LISTED ENTRIES:
━━━━━━━━━━━━━━━━━━━━

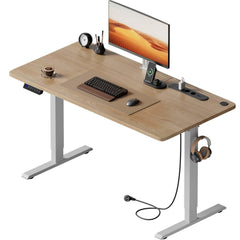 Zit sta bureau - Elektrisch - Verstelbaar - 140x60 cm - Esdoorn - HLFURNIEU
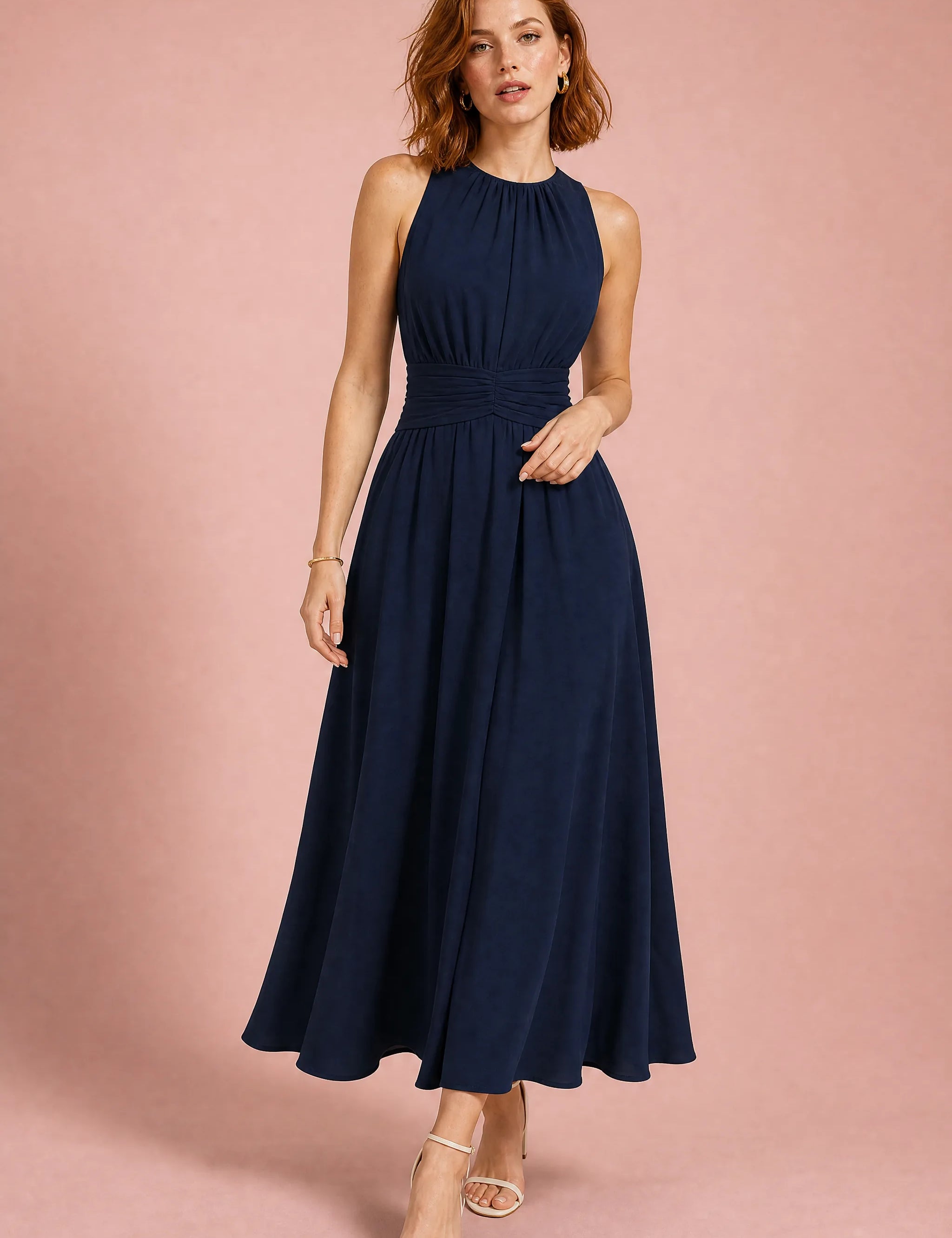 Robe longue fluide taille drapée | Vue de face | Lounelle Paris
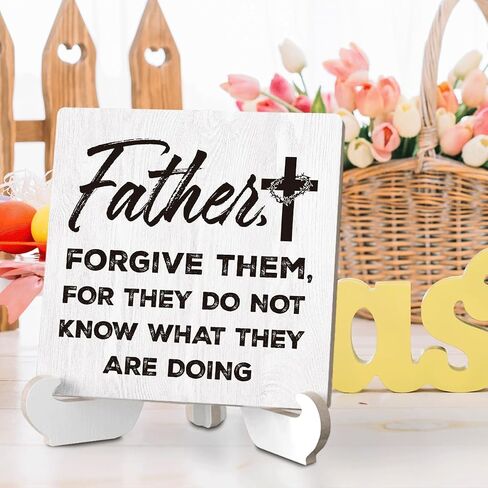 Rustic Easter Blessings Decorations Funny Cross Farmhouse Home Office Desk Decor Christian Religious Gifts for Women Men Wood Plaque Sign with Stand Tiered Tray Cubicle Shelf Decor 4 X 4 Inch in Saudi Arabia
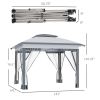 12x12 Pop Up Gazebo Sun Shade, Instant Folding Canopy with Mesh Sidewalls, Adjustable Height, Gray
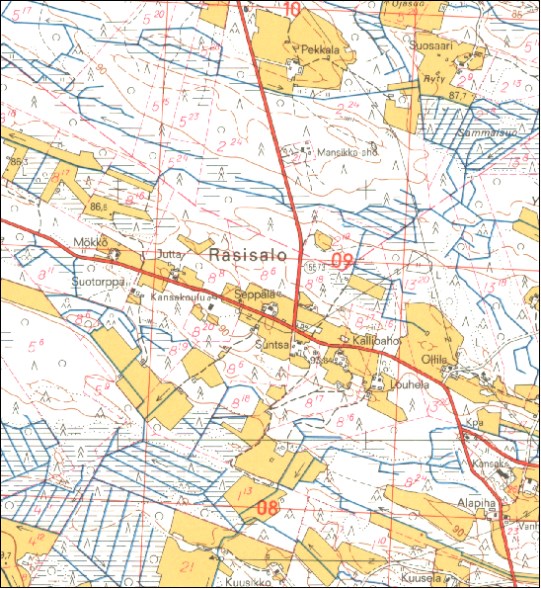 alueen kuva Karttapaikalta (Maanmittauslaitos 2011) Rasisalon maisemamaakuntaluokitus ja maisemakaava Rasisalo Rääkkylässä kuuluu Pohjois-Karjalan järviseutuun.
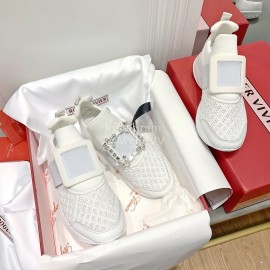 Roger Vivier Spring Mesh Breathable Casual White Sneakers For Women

━━━━━━━━━━━━━━━━━━━━

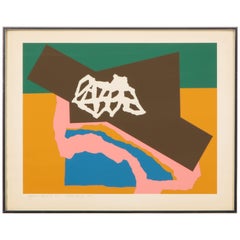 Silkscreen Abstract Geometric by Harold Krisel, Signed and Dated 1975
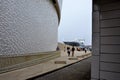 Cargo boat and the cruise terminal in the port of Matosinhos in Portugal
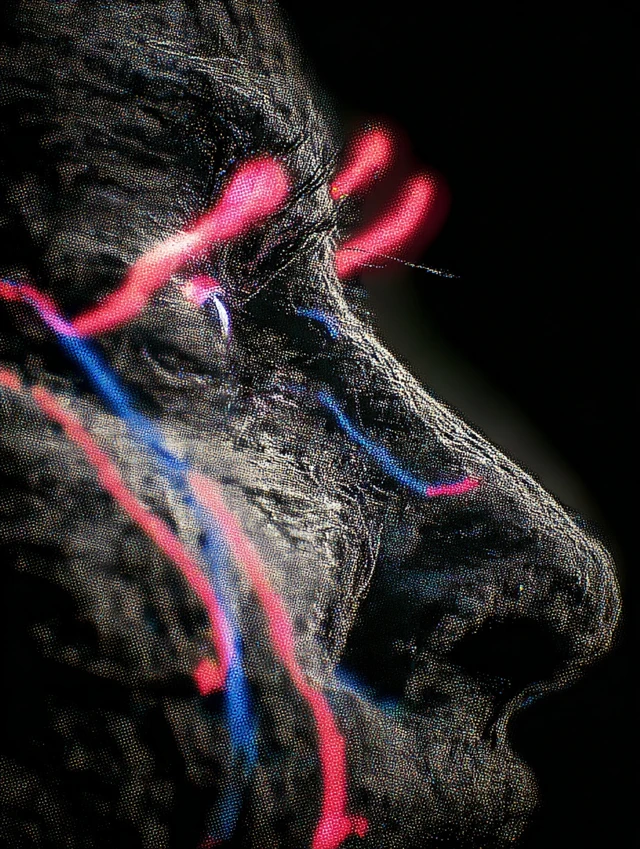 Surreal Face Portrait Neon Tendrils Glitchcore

━━━━━━━━━━━━━━━━━━━━

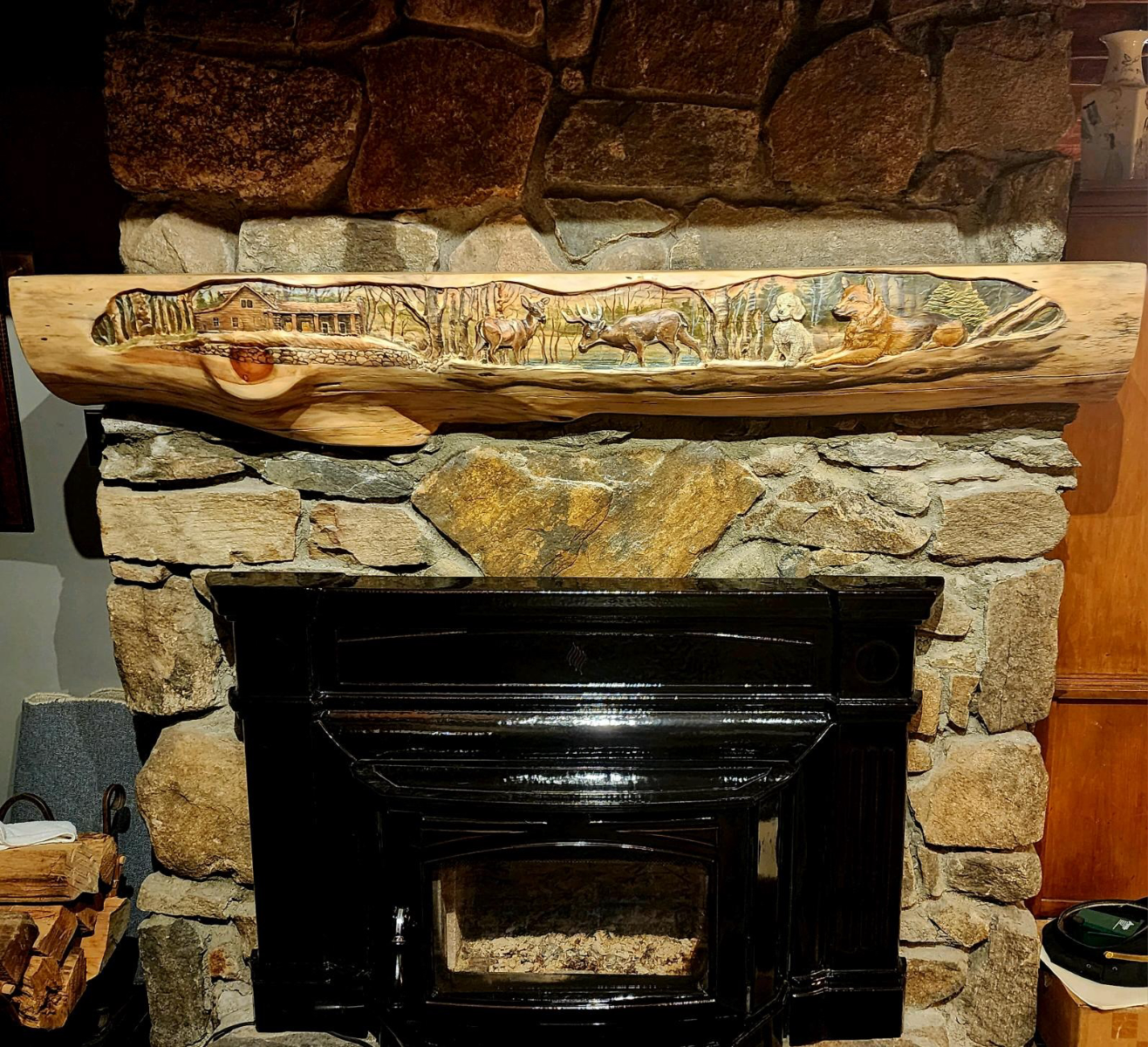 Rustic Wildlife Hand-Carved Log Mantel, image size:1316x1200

━━━━━━━━━━━━━━━━━━━━

PROBLEM: Look above for the line with "Robe longue fluide"; quote it and every line after it, stopping after the line with "12x12 Pop Up", exactly, with nothing added and without pictures.

WRITTEN ANSWER:
 Robe longue fluide taille drapée | Vue de face | Lounelle Paris
 Rustic Easter Blessings Decorations Funny Cross Farmhouse Home Office Desk Decor Christian Religious Gifts for Women Men Wood Plaque Sign with Stand Tiered Tray Cubicle Shelf Decor 4 X 4 Inch in Saudi Arabia
 12x12 Pop Up Gazebo Sun Shade, Instant Folding Canopy with Mesh Sidewalls, Adjustable Height, Gray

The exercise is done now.